Frei: Indeed, and quite lowered they are too. I mean, this all came to light when a famous British tabloid — and it’s always a tabloid in Britain — basically recorded a Pakistani businessman in London secretly accepting a bribe in return for telling Pakistani players in his pay that they should fix the match. And therefore, people betting on that match, knowing a certain outcome, would make an awful lot of money.
Ryssdal: The first thing I thought of, and I don’t know how well you know your American baseball, but the 1919 Black Sox and “Shoeless” Joe Jackson and “Say it ain’t so, Joe” throwing the World Series. I mean, that’s what this is, in the world o’ cricket.
Frei: It is. But for cricket, I don’t know if you’ve been to Pakistan or India, or indeed, any part of the world touched by the British Empire once upon a time. I mean, cricket is really a religion in those places. If you go to Pakistan today, every street corner of dry land will have someone with a cricket bat and a cricket ball on it. It is a sport of the people, even more so than baseball in this country. People in Pakistan, certainly that we’ve talked to on our program in recent days, are furious. They’re saying that shooting isn’t good enough for these cricketers who’ve been caught.
Ryssdal: I was just going to say, let me extend the baseball analogy here. I mean, our scandals in baseball in America are doping, and there’ve been all kinds of congressional hearings and Roger Clemens has been indicted, and yet, people still use performance-enhancing drugs, and clearly, people in cricket are still betting and gambling.
Frei: They are. And I think one has to say here that cricket and gambling they go together at times a bit like apple pie and cream. And then gambling is illegal in many parts of south Asia, so these are illegal gambling rackets, where you can make an awful lot of money. And there’s always been that temptation. The really sad thing is that it keeps cropping back. I mean, it’s like a bad sore that won’t go away despite all the measures that have supposedly been put in place. And also, to be honest, runs counter with the kind of image of cricket that I grew up with, which was basically the game of gentlemen on a large pitch, everyone wearing white, the soft sound of the bat against the ball. Perhaps someone on the sidelines sipping a warm English beer and chewing into a cucumber sandwich. Well, all that, quite frankly, is piffle!

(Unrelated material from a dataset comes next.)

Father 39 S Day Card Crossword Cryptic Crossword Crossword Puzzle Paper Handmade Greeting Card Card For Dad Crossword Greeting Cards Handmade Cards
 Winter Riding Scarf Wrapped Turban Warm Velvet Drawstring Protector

Ryssdal: About the match itself, just before you go, this was on the most famous cricket ground in the world, Lord’s in England. It was Pakistan and England. I mean, this was a big deal even before people started cheating.
Frei: The fact that this scandal was uncovered in the middle of this match, in the most hallowed cricket ground in the world, of course, is brazen beyond belief. It’s interesting, they were replaying on British television some of the clips where you saw the Pakistani cricketers bowling a ball. And what they did was they kind of overstepped the line and basically threw a non-ball and the commentators were saying, “Hang on a minute, that was really bad. I mean, how could he do something as awful as that and do it repeatedly?” Well now we know why.
Ryssdal: And I won’t even ask you to explain the rules of cricket. Matt Frei is a cricket fan. Also, the host of BBC World News America. Matt, thanks a lot.
Frei: Thank you.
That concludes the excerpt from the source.